Responding to a court order, Glen Ellyn Elementary District 41 has released emails from leaders of its teachers union that show they were working last spring to create a special committee to vet school board candidates about a year before the April 2017 election.

A DuPage County judge ruled that the emails were public records and ordered the district to turn over the messages to Jeff Cooper, a former school board candidate who filed a lawsuit in June accusing the district of violating state public records laws. Cooper sued after the district denied his request for the emails under the Illinois Freedom of Information Act.

The district also released about 30 pages of the emails Wednesday under a FOIA request filed by the Daily Herald.

Karen Dymit and Brian Bonkowski, then co-presidents of the Glen Ellyn Education Association, sent emails to teachers last April trying to get elected representatives from each of the district's five schools to sit on a political action committee for education, or PACE. Dymit has since retired from the district.

Such committees act as the political arm of teachers unions and are not uncommon.

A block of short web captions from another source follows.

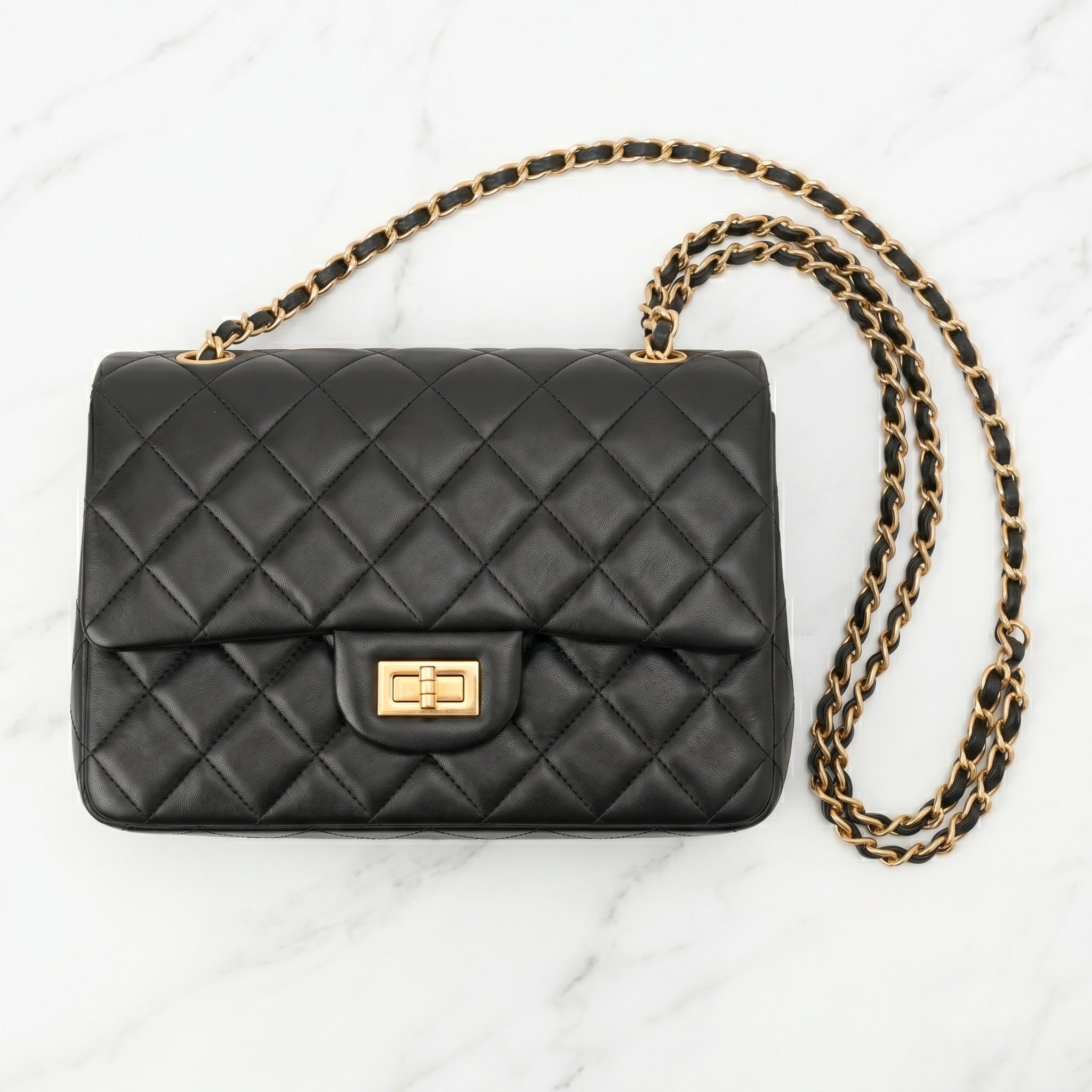 Black quilted handbag with a gold chain front
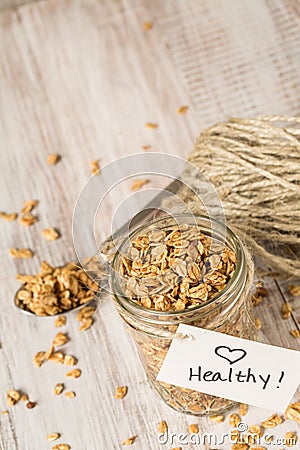 Almond Granola With Heart Healthy Tag On Jar And Spoon Stock Photo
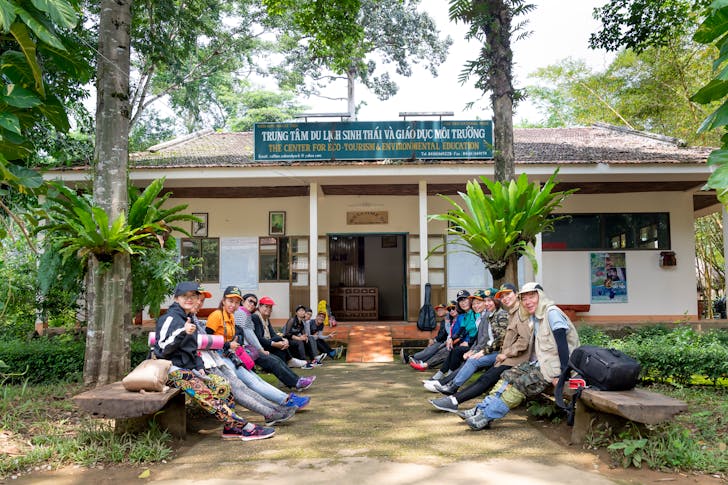 a group of people learning how to start a travel agency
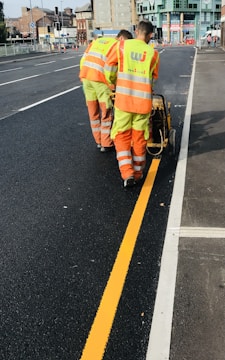 a couple of men that are standing in the street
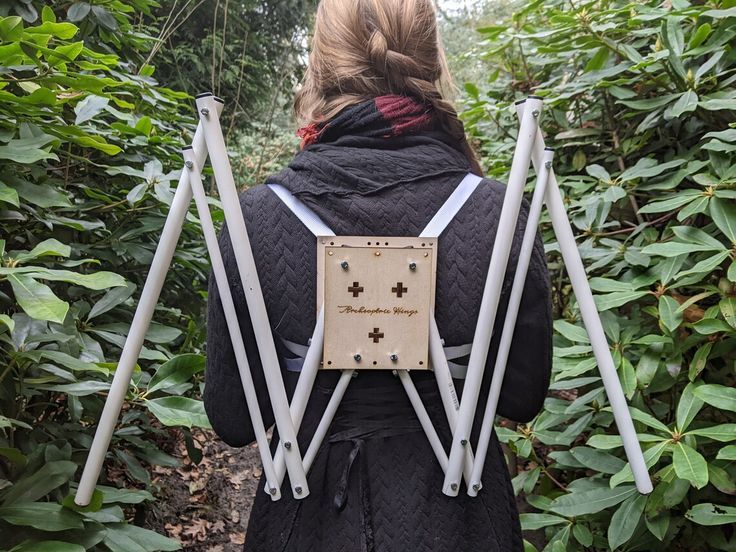 the back of a woman wearing a black coat with white crosses attached to her back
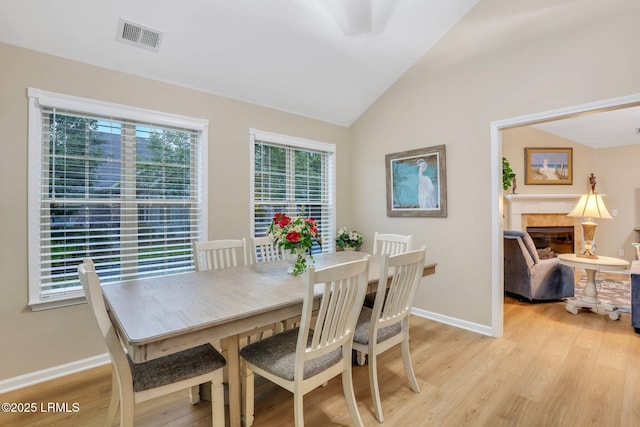 dining area with vaulted ceiling and light wood-type flooring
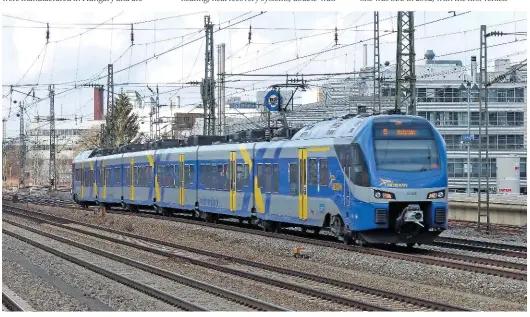  ?? BEN JONES. ?? Stadler has delivered hundreds of FLIRT EMUs to operators in mainland Europe over the past decade. On January 29, six-car set ET309 of Bavarian regional operator Meridian passes Heimeranpl­atz station in Munich, with a Regional Express to Kufstein in...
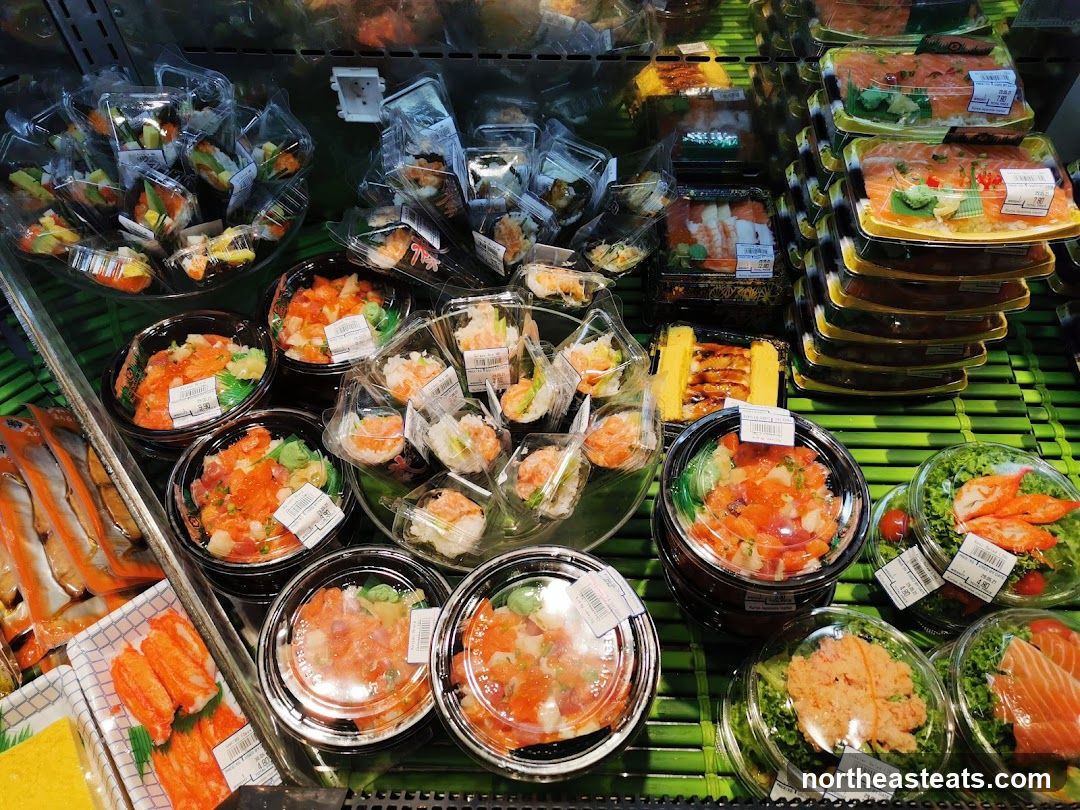 Assortment of Sushi and Seafood Dishes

"The purpose of the committee is to ensure the highest quality of education for the children of our community by attracting and supporting school board members," the GEEA co-presidents wrote the afternoon of April 19. "Members of this committee will help shape the future of our district."

A teacher at Abraham Lincoln Elementary School later wrote that the committee "will seek out candidates, screen them and interview them in the hopes that they will end up with a GEEA endorsement."

Four seats are up for grabs on the school board in April 2017.

The emails also indicate the union was concerned that a portion of one such email was leaked to a community forum website. Two teachers from Ben Franklin Elementary School sent an email to union leaders that no one had volunteered for the committee and the issue was "being ripped apart" on the website.

"It was expressed that the community may not vote for candidates that are 'union strong,'" the teachers wrote.

Bonkowski responded that he would "rather not go into details" via email about teachers' concerns.

"One never knows where an internal GEEA email might appear later in public! Perhaps a phone call?" he asked.

It's unclear whether the committee got off the ground. Christina Kellam, a problem-based learning coach, was appointed the committee's chairwoman but did not return a message for comment Wednesday. The union co-presidents wrote in early May that only one person had been elected to serve with Kellam on the committee.

The district denied Cooper's FOIA request in May, arguing in part that the emails were between union members and limited to union matters - not the public business of the school district - and were not public records.

The next day, Superintendent Paul Gordon wrote Cooper that the district was considering whether the employee communications in question amounted to "political activity" banned under Illinois law and school board policy.

In a statement in response to Judge Bonnie Wheaton's ruling, the district said last week that "independent of the litigation," it is enforcing the law prohibiting employees from engaging in political activities on working time or through the use of district facilities, including its electronic network.

"The lawsuit presented difficult legal questions pitting Mr. Cooper's interests under FOIA against potential legal disputes with GEEA/IEA under the collective bargaining agreement between the district and GEEA, the Illinois Educational Labor Relations Act and perhaps other laws," the statement read.

The judge also ordered the district to pay Cooper's attorney $5,600 in fees and $362.84 in other costs by Nov. 22. The district expects to spend "about the same amount" in attorney fees and costs as it's paying Cooper's lawyer.

Cooper said Wednesday the emails "should have never been withheld in the first place."

He has not decided whether he will make another bid at a seat on the board in April.